Dans son rapport, établi à l’issue de sa visite en Espagne en mai 2008, le rapporteur spécial des Nations unies sur la promotion et la protection des droits de l’homme et des libertés fondamentales dans la lutte antiterroriste écrit que selon lui, l’article 576 (entre autres) n’est pas suffisamment précis et ne respecte pas l’exigence de légalité. Il y a donc risque d’élargir la notion de terrorisme à des actes ne comportant pas ou n’associant pas d’élément intentionnel tel que la volonté de provoquer le décès ou des blessures corporelles graves à autrui ou de créer un état de terreur dans la population en général.
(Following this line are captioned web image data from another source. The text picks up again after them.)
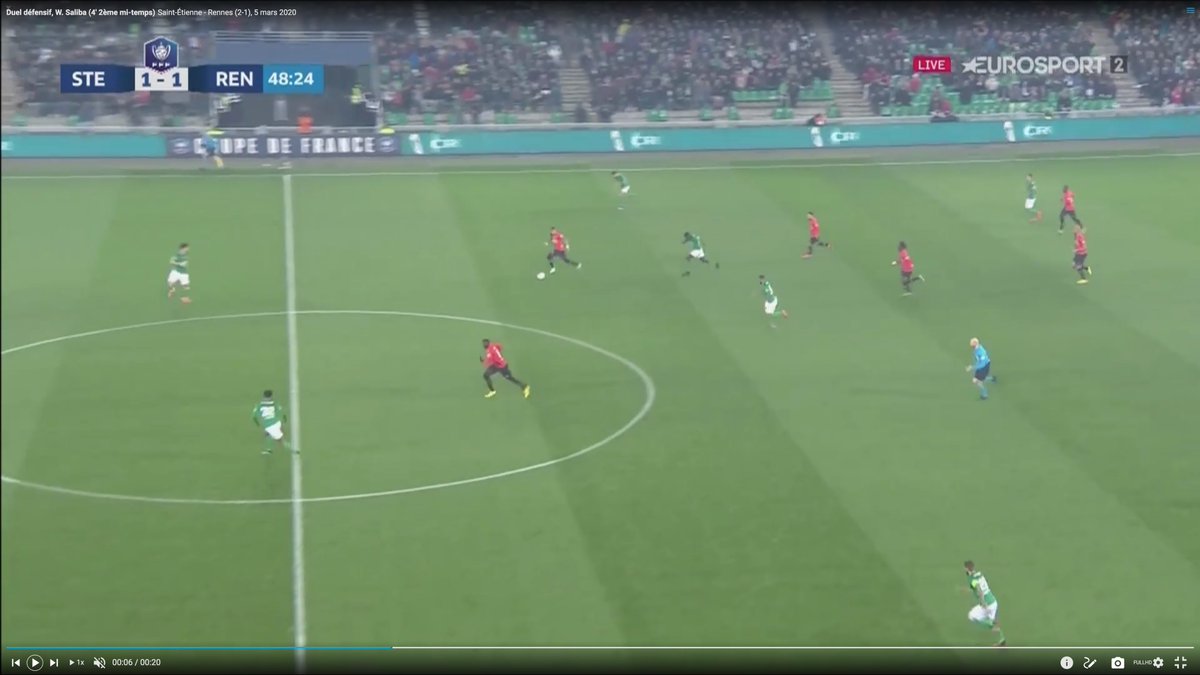 Saliba défend selon l'adage "le dernier qui bouge a perdu"1/ 2v2 en transition2/ Il se réoriente pour contrôler la course de Raphinha3/ Attend que l'attaquant prenne une décision en gardant 1m d'intervention4/ Passe devant sur le croche intérieur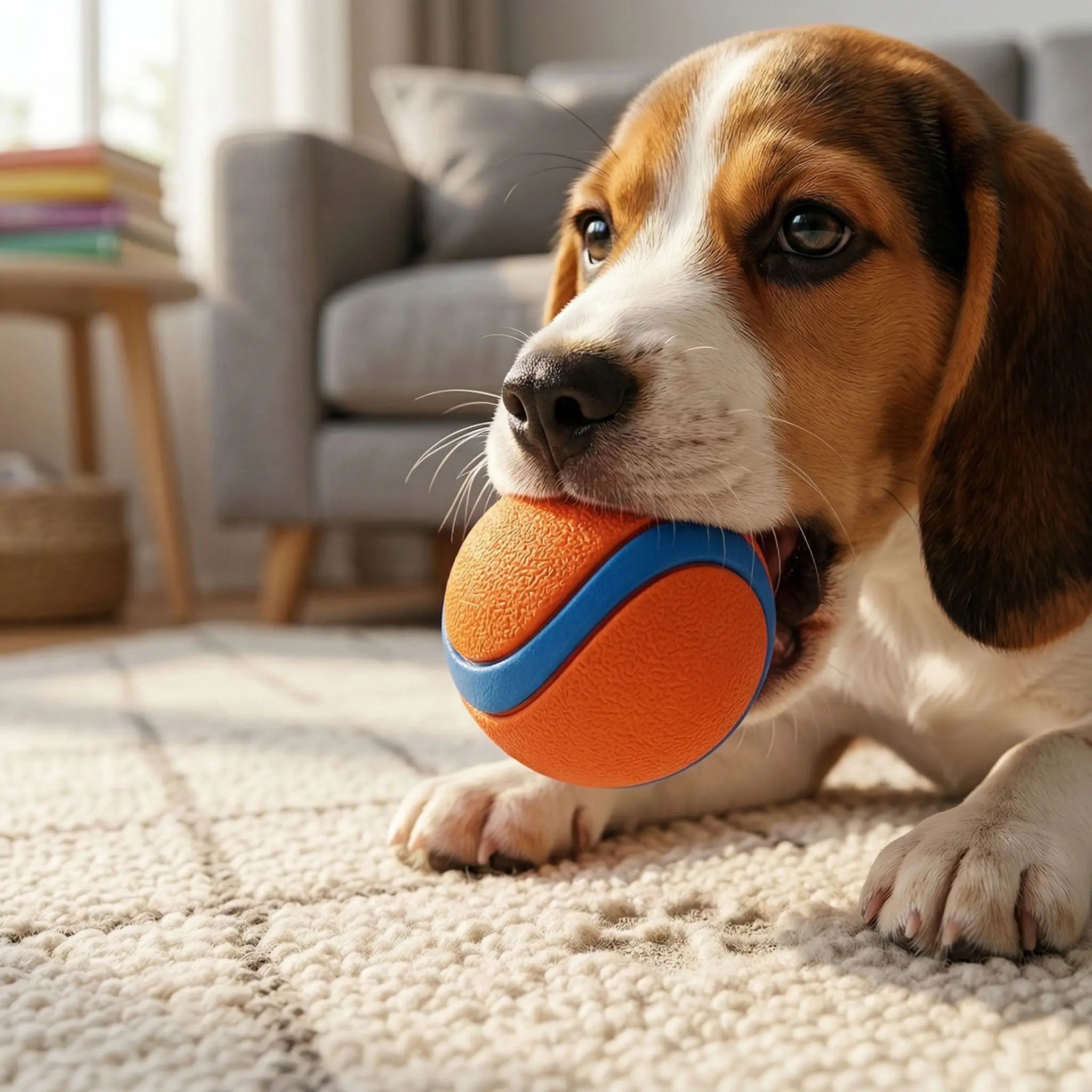 Interactive Dog Bouncy Ball, Natural Rubber , High Elasticity, Durable Chew Toy for Pet Training & Play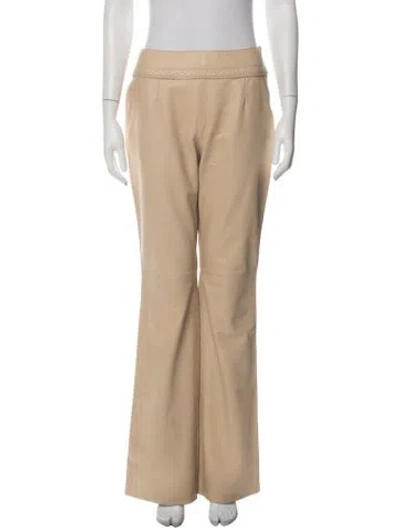 Pre-owned Escada Lamb Leather Flared Pants In Neutrals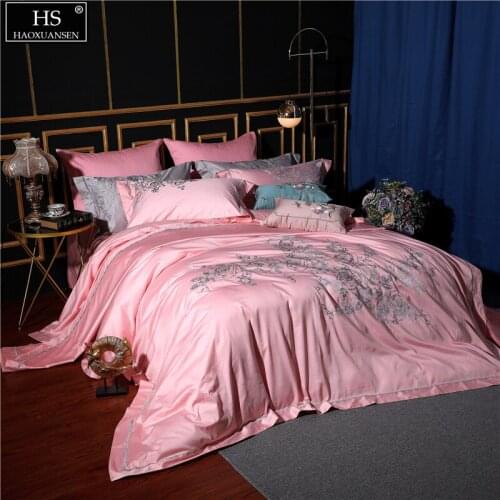 Rosa Multiflora Bedding Sets Embroidery Pink Cotton Fabric 4/7 Pieces Bedspread Bed Sheets Pillowcase Duvet Cover Cushion Cover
Dans son rapport « Sur la protection des droits de l’homme et des libertés fondamentales dans la lutte contre le terrorisme » (A/HRC/8/13) rendu public en juin 2008, la haut-commissaire des Nations unies aux droits de l’homme note l’obligation, pour les États, au titre de l’article 15 du Pacte international relatif aux droits civils et politiques, de veiller à ce que lors de l’élaboration de lois anti-terroristes et de la modification des lois existantes la clarté et la certitude juridique soient respectées. Sans faire de référence explicite à l’Espagne, la haut-commissaire critique les lois comportant des définitions vagues, confuses ou excessivement larges du terrorisme, susceptibles de conduire à des restrictions abusives à l’exercice légitime de libertés fondamentales telles que la liberté d’association, d’expression et d’opposition pacifique politique et sociale. La haut-commissaire note également que le fait d’inclure des actions non violentes dans les définitions du terrorisme augmente le risque et le nombre de poursuites engagées à l’encontre de personnes ayant exercé de façon légitime et non violente des droits inscrits en droit international. Dans ses observations générales du 27 octobre 2008, le Comité des droits de l’homme des Nations unies s’était également inquiété des définitions très larges du terrorisme dans les articles 572-580 du Code pénal et avait appelé à une révision de ces articles.

Amnesty International craint que la définition de « collaboration » à une activité terroriste au titre de l’article 576 du Code pénal, trop vague et trop large, ne viole le principe de légalité et de certitude juridique et ne satisfasse pas aux exigences de précision et de clarté requises en droit pénal. En conséquence, un acte pouvant être qualifié de criminel selon la définition de la « collaboration » donnée par l’article 576 pourrait ne pas constituer d’infraction dûment reconnue par la loi selon les normes du droit international relatif aux droits humains. Amnesty International renouvelle donc son appel au gouvernement espagnol pour qu’il revoit certains articles de sa législation antiterroriste afin d’éviter le risque de sanctionner l’expression pacifique d’opinions. Toute loi relative à ce sujet doit être claire, sans ambiguïté et ne pas pouvoir être interprétée de manière excessivement large.